Thursday, June 9, 2011

T-schema and bivalence

Tarski's T-schema says that for any sentence "s":

  1. "s" is true if and only if s.
Suppose that "s" is neither true nor false. Then the left hand side of (1) is false, but the right hand side is neither true nor false. It seems to me that a reasonable multivalent logic will not allow an "if and only if" sentence to be true when one side of it is false and the other side is not false. So, it seems that the T-schema requires bivalence.

It's odd that I never noticed this before.

4 comments:

Icaras Triakis Harimau said...

Im just saying, you are the owner of my favorite blog on the entire internet, and i can barely grasp any of this stuff. grasp, wasnt that what your last post was about? ;)

Alexander R Pruss said...

Some posts are just notes to self. :-)

Anonymous said...

I am curious about your first inference. Certainly, if "s" is neither true nor false, then "'s' is true" is not true. But what reason do you have for concluding from this that it is false as opposed to being neither true nor false? In my mind, what holds for "s" holds for "'s' is true," no? If so, and given that "s" is neither true nor false, then "'s' is true" is neither true nor false as well.

Alexander R Pruss said...

Yeah, Jon Kvanvig suggested the same thing to me.

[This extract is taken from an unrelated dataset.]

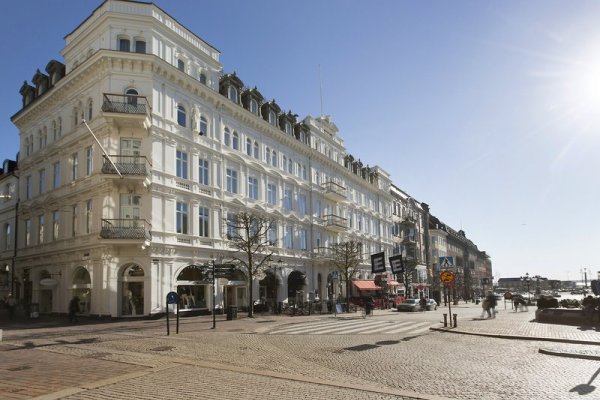 Elite Hotel Molberg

I think this leads to this iteration:

's' is ntnf (neither true nor false)
"'s' is ntnf" is ntnf
...

So, ntnf iterates.

One downside of this is that if you think truth, or evidence of truth, is needed for assertion, you can't say of any sentence that it's an example of a sentence that is ntnf. But without an example of a sentence that is ntnf, why think there are any?